The University joined seven other Boston-area universities in signing a Feb. 3 amici curiae brief in the Boston U.S. District Court opposing President Trump’s Jan. 27 executive order banning travel from seven countries with large Muslim populations.

The ban was reversed one day later on Feb. 4 through State Department actions, after a Washington Judge halted the order, according to a Seattle Times article from the same day.

In the brief, the universities — which also included Tufts University, Boston College, Boston University, the Massachusetts Institute of Technology, Harvard University, Northeastern University and Worcester Polytechnic Institute — asserted that the ban undermined academic exchange.

Under the ban, travel was restricted from Iran, Iraq, Libya, Somalia, Sudan, Syria and Yemen. However, the executive order also spelled uncertainty for those traveling under work or student visas, and many were left stranded abroad or unable to travel home while the ban was in place.

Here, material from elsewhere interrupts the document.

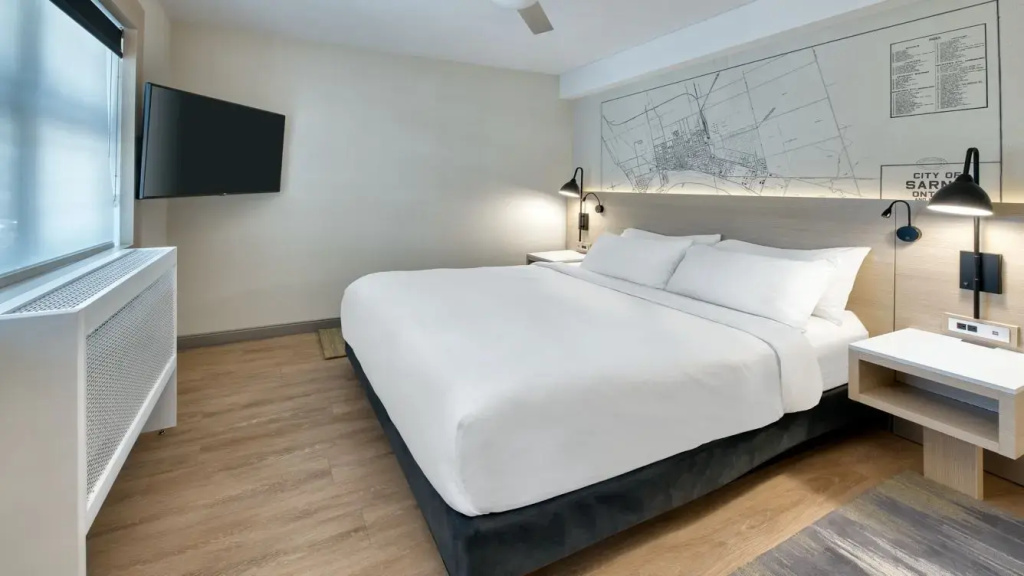 Suite with balcony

These consequences undermined the schools’ commitment to serving the world through innovative teaching and research, the brief asserts.

“That effort depends on maintaining a consistent pipeline of the most talented students and scholars from around the world, who bring with them unique skills and perspectives that inure to the benefit of their classmates, colleagues, and society as a whole,” the brief reads. “And after receiving first-class educations in the United States, the benefits flow in the opposite direction, as those students and scholars take back to their countries the lessons and values they learned here.”